It is clear to fans that Stan Kroenke has no ambition to see the club succeed and simply

views Arsenal as another of his business ventures. The 73-year-old has a reported net worth

of $10 billion yet he very rarely invests out of his own pocket. His preferred tactic is to

let the club run itself, using profits from previous seasons as the budget for managers to use

in the transfer window. This kind of policy is common in less wealthy, relegation-battling

clubs, not teams with UEFA Champion’s League aspirations. Kroenke’s stringent spending

has led to a unanimous animosity between Arsenal fans toward the American owner.


[Image: Club captain Pierre-Emerick Aubameyang and youthful manager Mikel Arteta lift the FA Cup after triumph against Chelsea. Will the pair lead Arsenal back to greatness?]

As Arsenal fans, our ambitions have significantly dropped over recent years. We used to

view our beloved club as title contenders and perennial European competitors. Today, we’d

be overjoyed simply by a fourth-place finish in the Premier League. The taste of winning the

league has been long forgotten by Arsenal fans and so the craving is no longer existent.


But we lost the excitement of Tuesday night Champion’s League football recently enough for the longing to sting and the craving to linger.


Despite our recent lack of big-name signings, Arsenal still has a strong, youthful squad who

definitely have the ability to challenge for a Champion’s League place.
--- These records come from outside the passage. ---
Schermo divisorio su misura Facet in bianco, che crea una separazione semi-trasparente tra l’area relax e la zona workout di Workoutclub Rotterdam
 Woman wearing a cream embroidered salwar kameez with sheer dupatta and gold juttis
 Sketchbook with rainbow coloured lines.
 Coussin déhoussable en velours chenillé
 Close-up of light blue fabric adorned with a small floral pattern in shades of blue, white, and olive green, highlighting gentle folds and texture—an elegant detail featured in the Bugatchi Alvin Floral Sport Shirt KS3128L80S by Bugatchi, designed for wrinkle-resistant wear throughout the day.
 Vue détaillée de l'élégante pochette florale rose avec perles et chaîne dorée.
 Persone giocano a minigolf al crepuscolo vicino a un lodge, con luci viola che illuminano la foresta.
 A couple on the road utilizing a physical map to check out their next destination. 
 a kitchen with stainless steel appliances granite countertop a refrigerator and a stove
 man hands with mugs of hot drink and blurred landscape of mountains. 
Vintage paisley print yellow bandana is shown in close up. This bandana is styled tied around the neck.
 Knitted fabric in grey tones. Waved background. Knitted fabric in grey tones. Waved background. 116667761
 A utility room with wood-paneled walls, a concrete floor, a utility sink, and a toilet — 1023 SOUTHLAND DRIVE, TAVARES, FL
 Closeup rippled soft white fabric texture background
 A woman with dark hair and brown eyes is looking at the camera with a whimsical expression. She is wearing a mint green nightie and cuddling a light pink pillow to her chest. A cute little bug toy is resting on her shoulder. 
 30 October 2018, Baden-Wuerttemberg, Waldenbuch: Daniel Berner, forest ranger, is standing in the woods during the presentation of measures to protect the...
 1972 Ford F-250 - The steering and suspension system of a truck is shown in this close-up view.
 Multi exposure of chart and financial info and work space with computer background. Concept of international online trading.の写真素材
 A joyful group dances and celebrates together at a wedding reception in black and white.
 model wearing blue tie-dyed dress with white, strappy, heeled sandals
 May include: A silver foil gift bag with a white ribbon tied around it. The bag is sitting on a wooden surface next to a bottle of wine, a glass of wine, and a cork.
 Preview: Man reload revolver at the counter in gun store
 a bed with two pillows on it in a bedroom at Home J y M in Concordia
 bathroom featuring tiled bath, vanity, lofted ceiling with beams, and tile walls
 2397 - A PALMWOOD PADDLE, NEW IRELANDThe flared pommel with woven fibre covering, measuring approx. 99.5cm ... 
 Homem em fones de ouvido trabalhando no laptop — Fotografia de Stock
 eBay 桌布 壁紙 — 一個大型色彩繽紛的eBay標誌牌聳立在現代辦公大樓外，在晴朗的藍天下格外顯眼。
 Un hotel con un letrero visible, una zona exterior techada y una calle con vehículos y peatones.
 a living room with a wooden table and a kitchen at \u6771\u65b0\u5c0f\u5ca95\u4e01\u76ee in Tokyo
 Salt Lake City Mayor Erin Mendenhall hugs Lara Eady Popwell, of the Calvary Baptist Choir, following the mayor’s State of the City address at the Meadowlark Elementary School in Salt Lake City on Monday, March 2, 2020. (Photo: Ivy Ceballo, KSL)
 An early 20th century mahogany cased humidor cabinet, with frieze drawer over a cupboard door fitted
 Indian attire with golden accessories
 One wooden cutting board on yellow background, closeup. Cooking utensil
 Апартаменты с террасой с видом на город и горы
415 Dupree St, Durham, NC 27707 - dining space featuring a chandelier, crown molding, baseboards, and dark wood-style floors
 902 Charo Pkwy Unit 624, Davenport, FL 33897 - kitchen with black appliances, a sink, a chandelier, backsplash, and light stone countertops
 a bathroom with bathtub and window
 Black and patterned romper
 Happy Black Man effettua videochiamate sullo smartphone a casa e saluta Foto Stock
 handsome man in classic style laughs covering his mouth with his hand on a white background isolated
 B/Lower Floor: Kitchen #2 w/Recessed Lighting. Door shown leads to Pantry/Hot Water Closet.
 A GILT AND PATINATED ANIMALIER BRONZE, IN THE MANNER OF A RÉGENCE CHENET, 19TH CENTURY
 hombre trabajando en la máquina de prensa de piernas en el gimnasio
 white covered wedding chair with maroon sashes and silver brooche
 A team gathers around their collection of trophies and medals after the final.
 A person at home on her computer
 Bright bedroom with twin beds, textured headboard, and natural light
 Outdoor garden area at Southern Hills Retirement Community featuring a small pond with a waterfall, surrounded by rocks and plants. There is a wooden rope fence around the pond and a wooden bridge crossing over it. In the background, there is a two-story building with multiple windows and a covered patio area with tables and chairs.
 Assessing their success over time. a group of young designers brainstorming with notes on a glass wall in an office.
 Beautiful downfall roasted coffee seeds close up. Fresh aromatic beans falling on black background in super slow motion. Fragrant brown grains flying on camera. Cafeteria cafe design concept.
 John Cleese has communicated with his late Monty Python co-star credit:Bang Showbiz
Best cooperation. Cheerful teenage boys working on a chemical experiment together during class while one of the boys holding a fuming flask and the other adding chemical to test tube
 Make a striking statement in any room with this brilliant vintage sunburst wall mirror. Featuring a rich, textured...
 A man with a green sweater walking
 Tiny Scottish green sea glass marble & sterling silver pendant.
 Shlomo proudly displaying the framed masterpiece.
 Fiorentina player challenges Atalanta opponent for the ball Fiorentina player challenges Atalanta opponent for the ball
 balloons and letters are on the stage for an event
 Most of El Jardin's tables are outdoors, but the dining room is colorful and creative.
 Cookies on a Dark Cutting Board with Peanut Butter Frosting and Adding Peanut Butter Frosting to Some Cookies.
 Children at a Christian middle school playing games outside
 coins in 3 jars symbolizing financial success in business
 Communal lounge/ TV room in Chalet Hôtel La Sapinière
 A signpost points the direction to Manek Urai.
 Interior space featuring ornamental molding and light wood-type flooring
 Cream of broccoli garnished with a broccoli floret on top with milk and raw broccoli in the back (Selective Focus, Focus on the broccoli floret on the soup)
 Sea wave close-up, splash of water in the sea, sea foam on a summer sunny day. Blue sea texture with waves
With Mikel Arteta at

the helm and Pierre-Emerick Aubameyang leading the line, hopefully, we’ll get to see the

likes of Bukayo Saka, William Saliba and Gabriel Martinelli reach their highest potential.

There is reason to be hopeful as an Arsenal fan. Apart from the ownership, every aspect of

the club seems to be seeing new beginnings and with new beginnings comes potential.


[Image: This frequently tweeted image perfectly sums up the pains of supporting Arsenal FC.]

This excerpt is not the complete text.